**Task prompt:**
From the material below, retype exactly the lines that begin at the line with "Reece Mastin&Johnny Ruffo are perfect!" and end after the line with "Историческая веха: SpaceX"; pictures stay out of the copy.

[[ Information provided open ]]

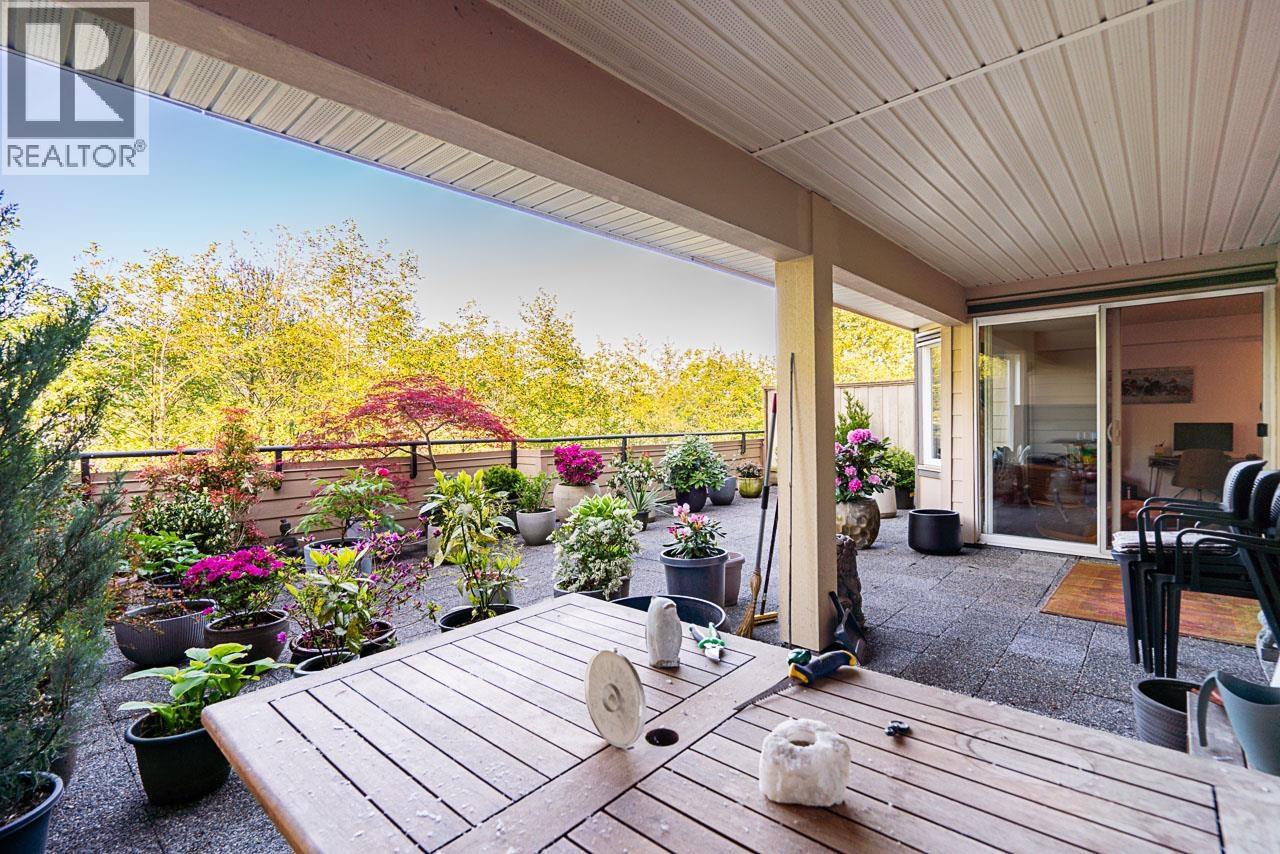 303 160 SHORELINE CIRCLE, Port Moody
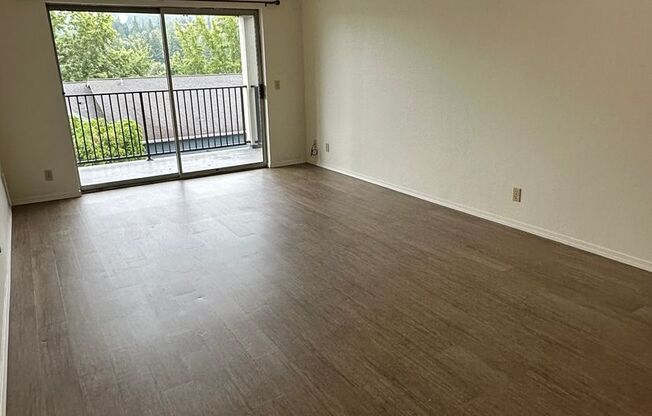 2 beds, 1.5 baths, 950 sqft, $1,650, Unit B206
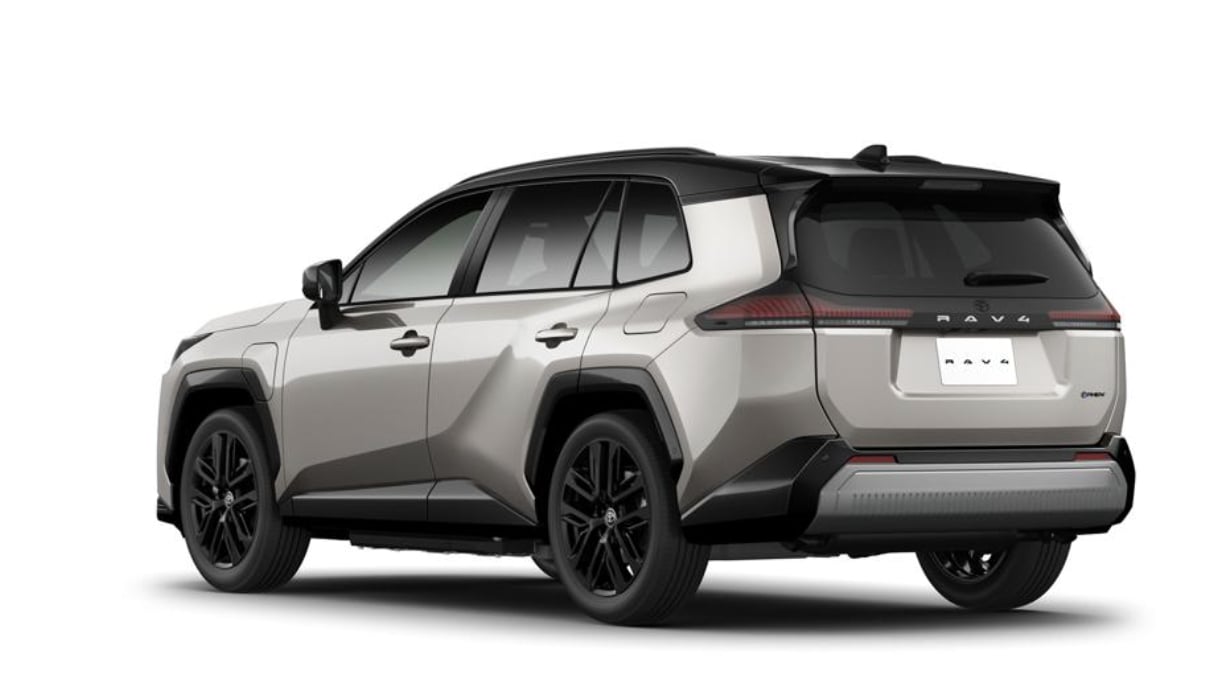 Toyota RAV4 PHEV 接單價曝光 150 萬！第六代油電版台灣規格出爐，訂單已破 5000 張！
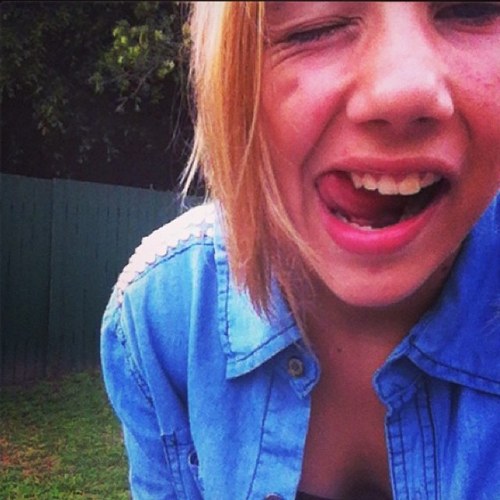 Follow me, you know you want to ;)
Luke Howell follows me !
Reece Mastin&Johnny Ruffo are perfect!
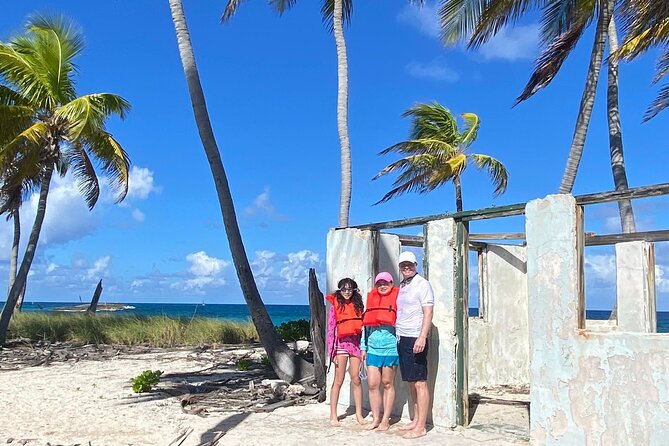 Half-Day Luxury Private Rose Island Pigs and Turtles Excursion - The optional pigs and the extra charge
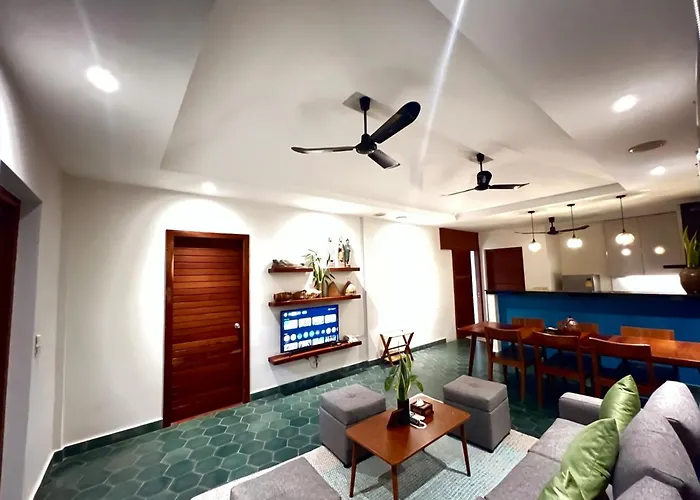 Family Style 3-bedroom Suite-near Pubstreet, Old Market By Baahu *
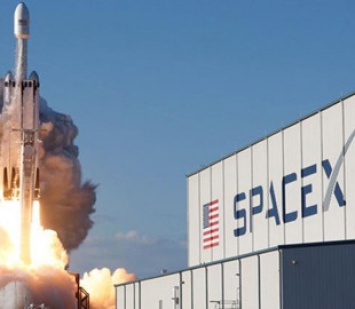 Историческая веха: SpaceX готов отправить людей покорять космос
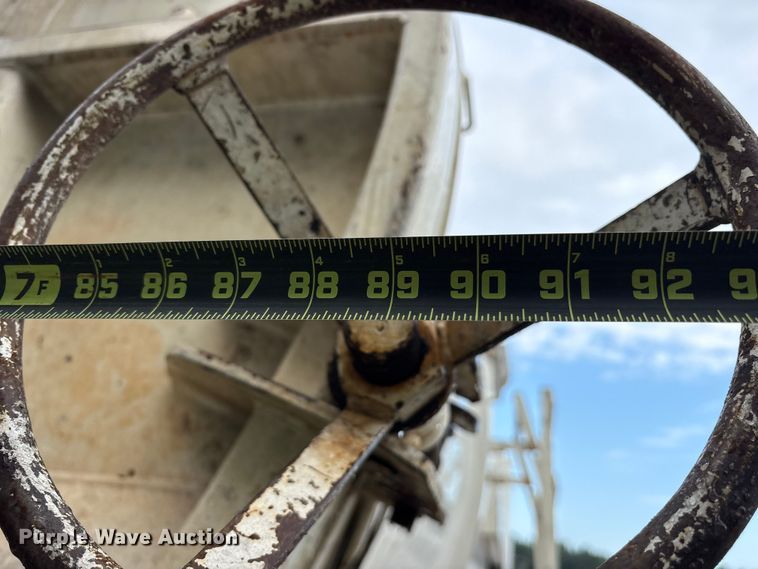 image for item YA0940 2000 Sterling L9500 vacuum truck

[[ Information provided closed ]]

**The completed task:**
Reece Mastin&Johnny Ruffo are perfect!
 Half-Day Luxury Private Rose Island Pigs and Turtles Excursion - The optional pigs and the extra charge
 Family Style 3-bedroom Suite-near Pubstreet, Old Market By Baahu *
 Историческая веха: SpaceX готов отправить людей покорять космос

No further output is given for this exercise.